▸ **Available data**:
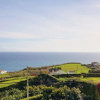 Отель Apartamento Terra e Mar II, фото 17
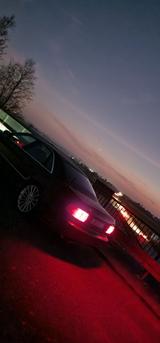 Audi A8 D2 4.2V8 299PS Bj94 *TÜV neu - gebrauchte Audi A8 aus dem Jahr 1994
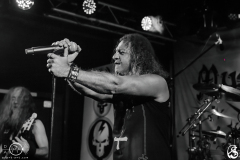 MysticProphecy-Berlin-Cassiopeia-HellfireTour-21-11-2024-AS-DSC06286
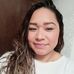 Profile Picture of Yadira Ramirez (@yadira.ramirez.5074644) on Facebook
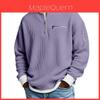 Mens Colorblock Zip Up Hoodie With Polyester Knit Fabric For Casual Sportswear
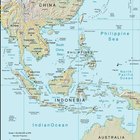 Southeast Asian Diet & Nutrition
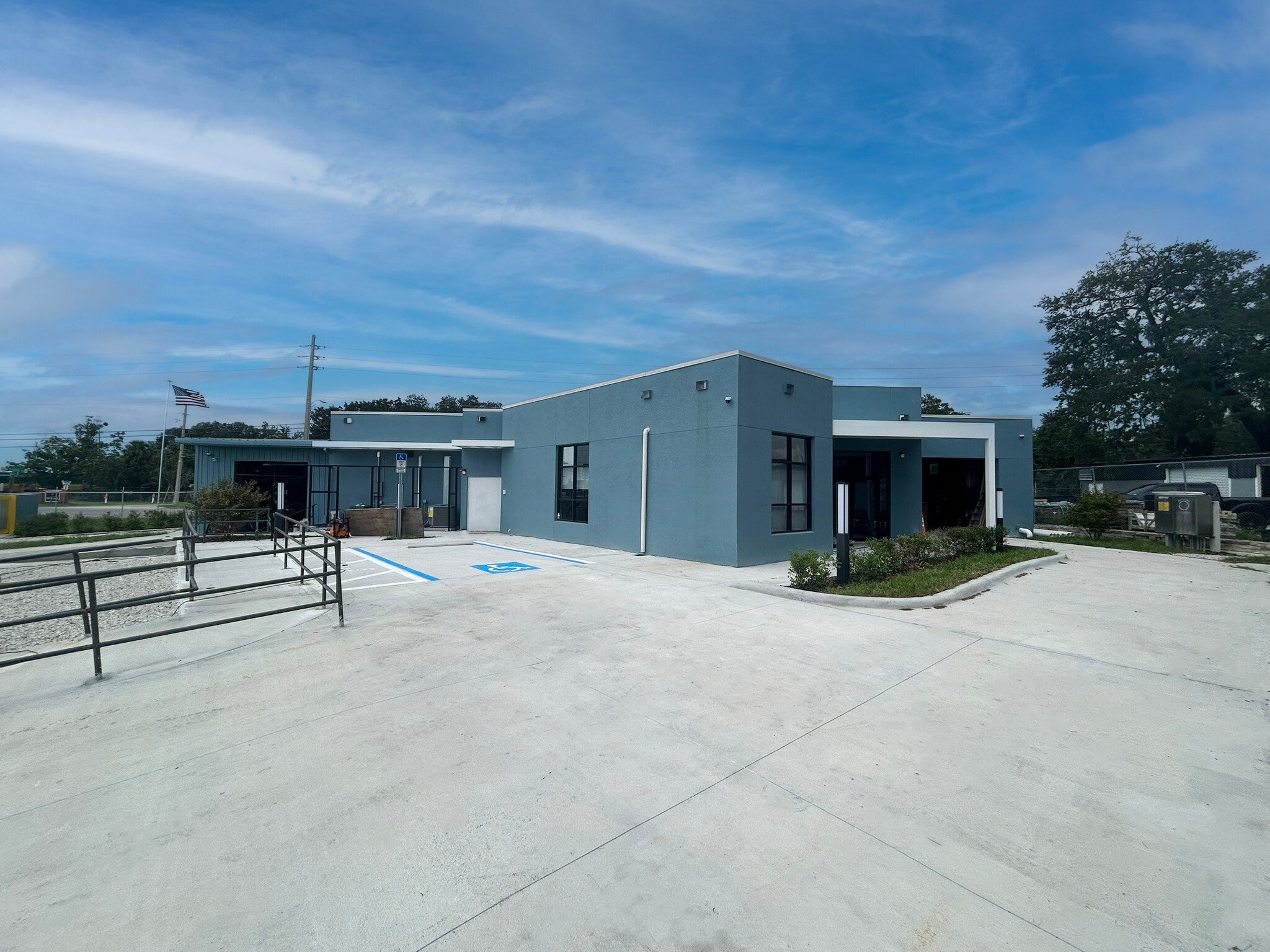 2032 W Washington St, Orlando, FL for Sale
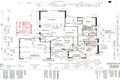 Property photo of 6 Melros Beach Road Dawesville WA 6211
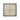 Actman Wall Art - Cream/Brown/Gray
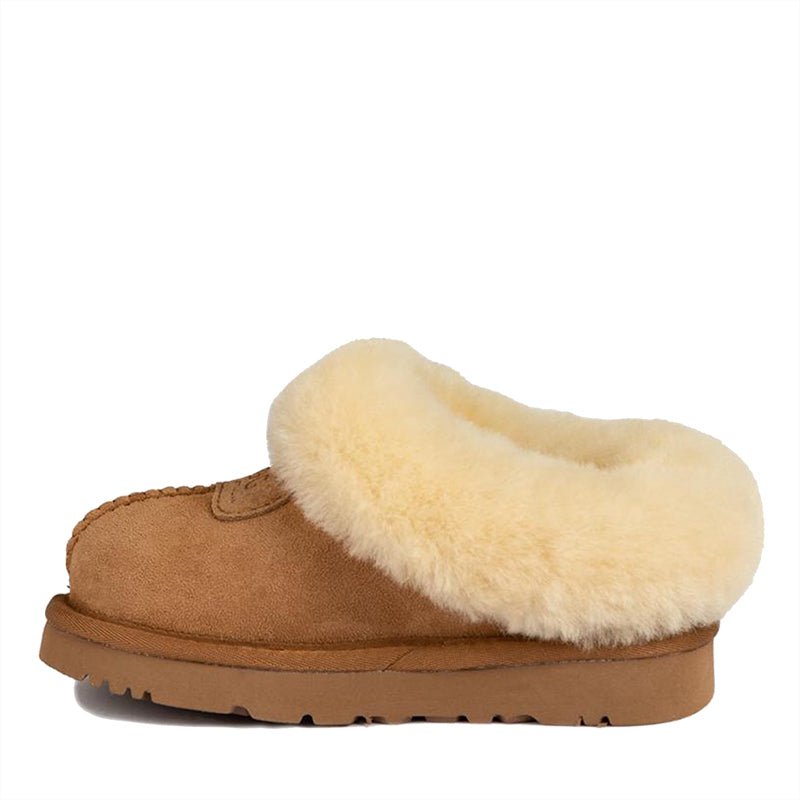 UGG Kids Bray Slippers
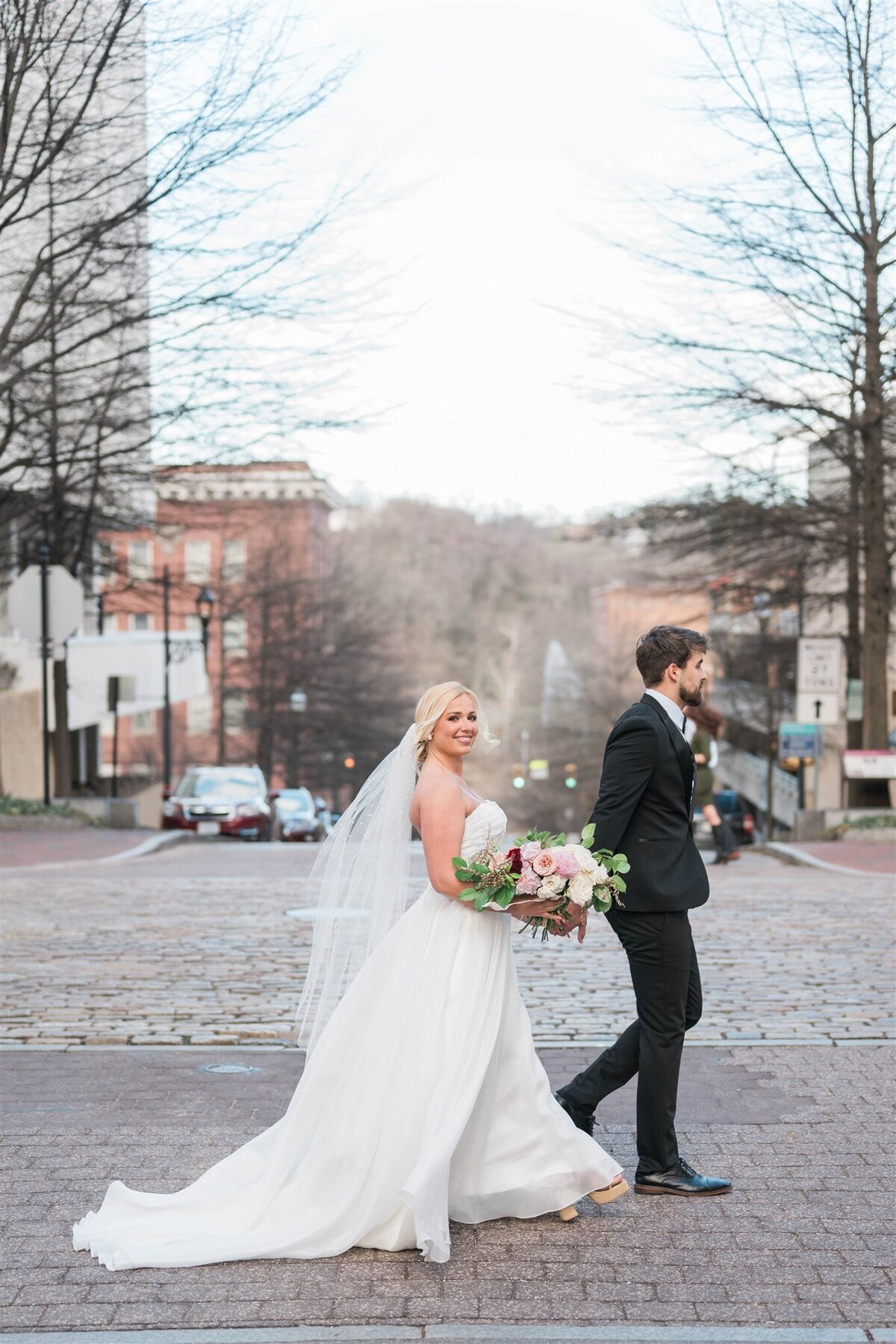 City View Wedding_-77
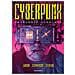 William Gibson - Cyberpunk. Antologia assoluta - Foto miniatura 1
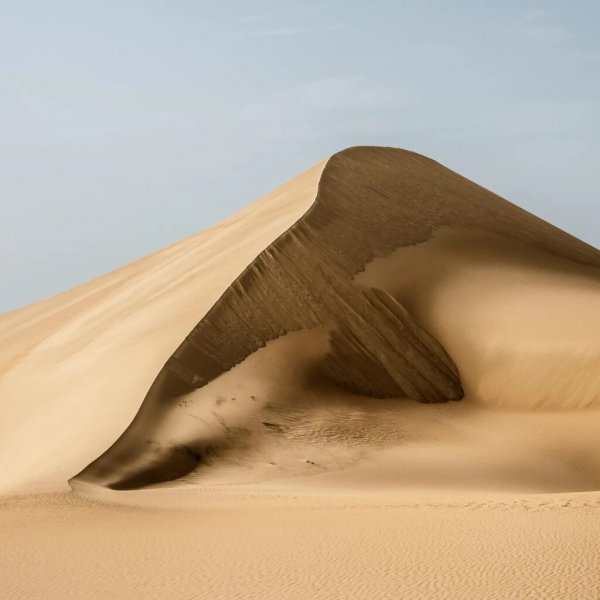  عکس های برگزیده نشنال جئوگرافیک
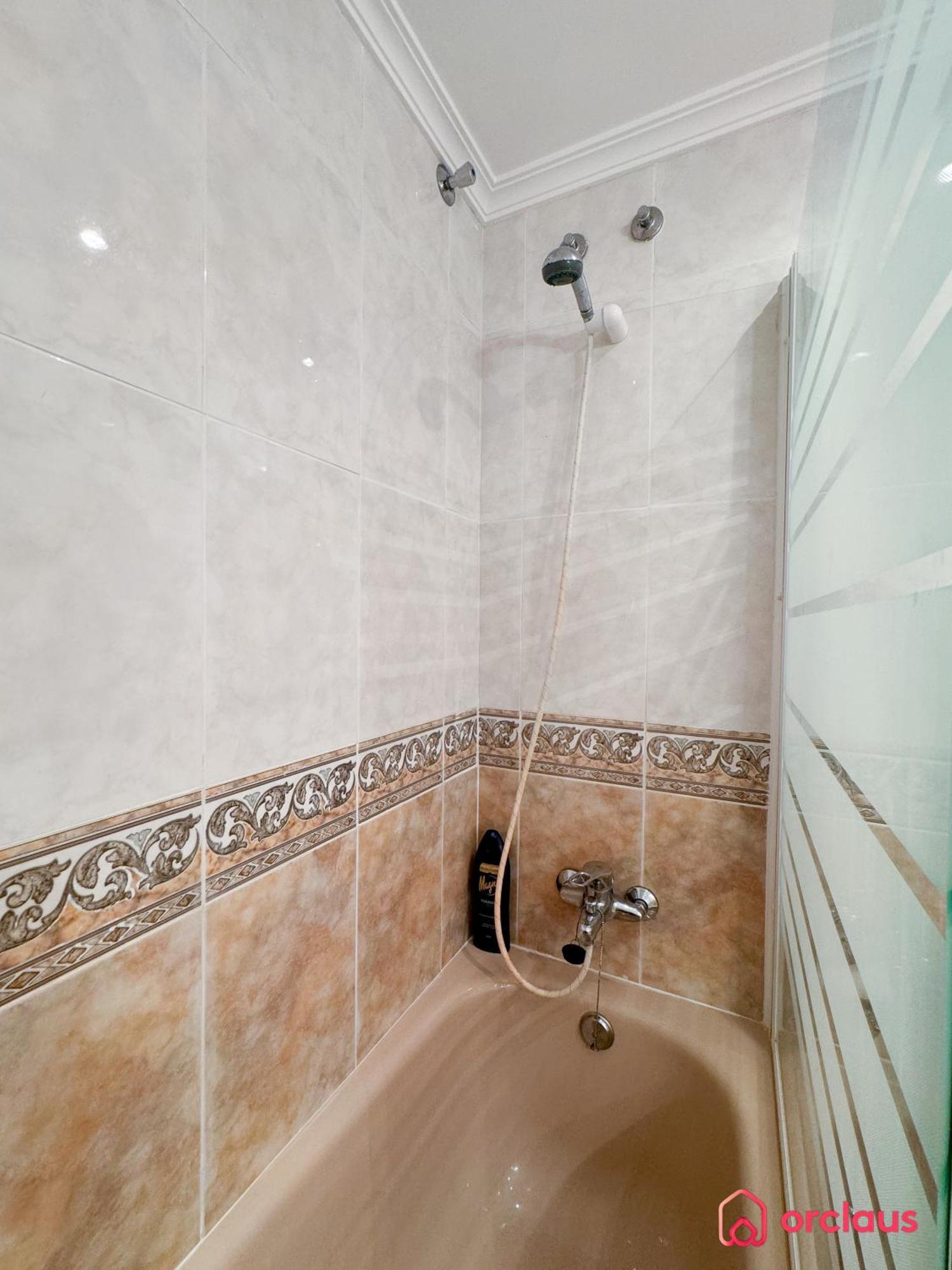 Apartamento Cala Concha Oropesa del Mar Exterior foto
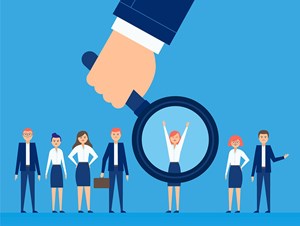 RECRUITMENT OF SUNGROUP HAI PHONG COMPANY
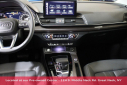 Thumbnail image of 2022 Audi Q5 at Audi Great Neck
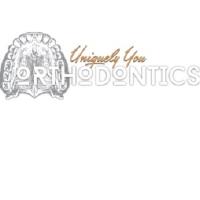 Uniquely You Orthodontics image 1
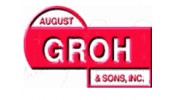 August Groh & Sons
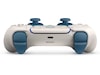 PlayStation 5 DualSense Genshin Impact Limited Edition-kontroller Tillbehör till spelkonsoler
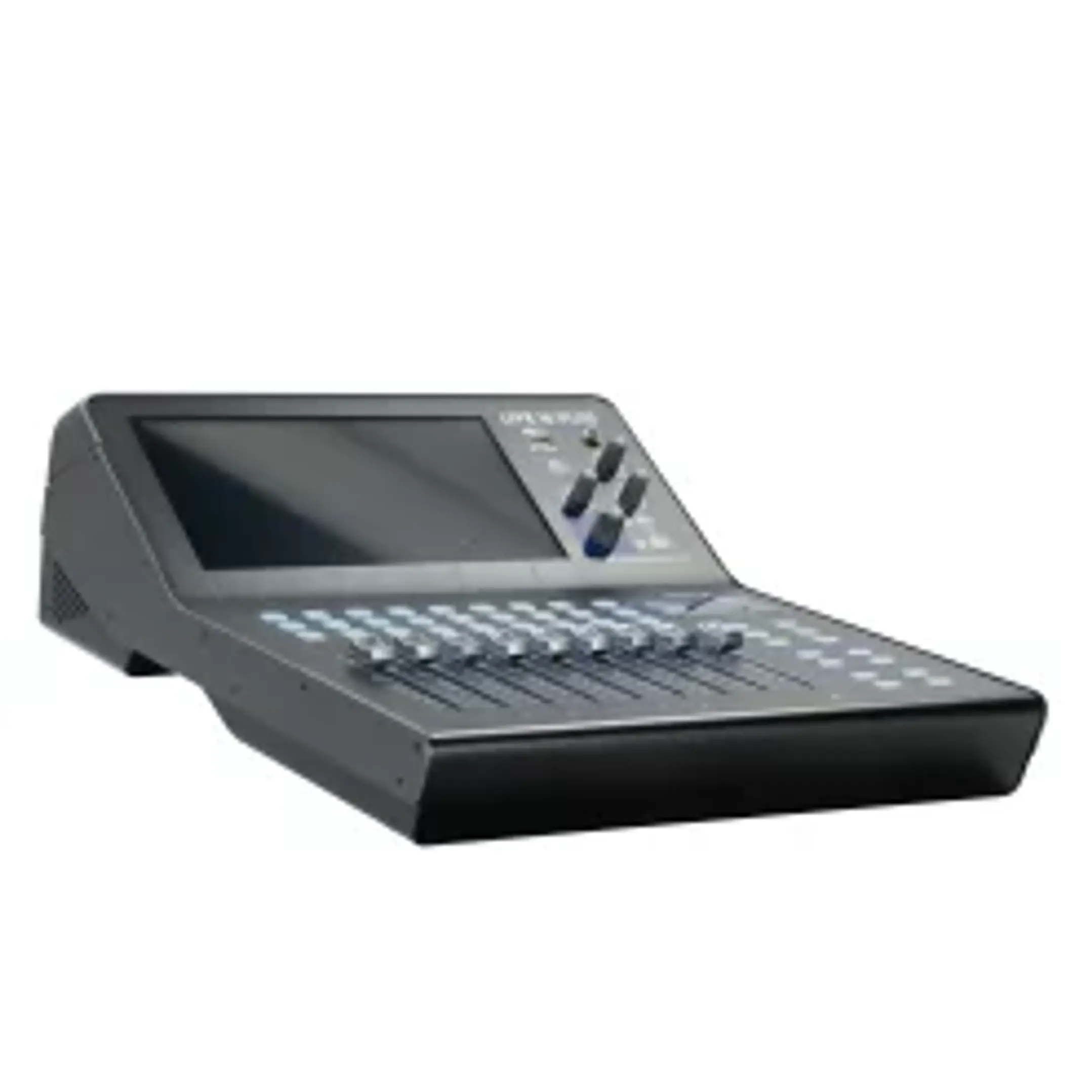Mixer Digital AudioLab Live 16 Plus 2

▸ **What this task involves**: The lines running from the beginning of the listing above through the line that holds "Property photo of" are to be duplicated exactly, both ends kept, pictures omitted.

▸ **Result for this exercise**:
 Отель Apartamento Terra e Mar II, фото 17
 Audi A8 D2 4.2V8 299PS Bj94 *TÜV neu - gebrauchte Audi A8 aus dem Jahr 1994
 MysticProphecy-Berlin-Cassiopeia-HellfireTour-21-11-2024-AS-DSC06286
 Profile Picture of Yadira Ramirez (@yadira.ramirez.5074644) on Facebook
 Mens Colorblock Zip Up Hoodie With Polyester Knit Fabric For Casual Sportswear
 Southeast Asian Diet & Nutrition
 2032 W Washington St, Orlando, FL for Sale
 Property photo of 6 Melros Beach Road Dawesville WA 6211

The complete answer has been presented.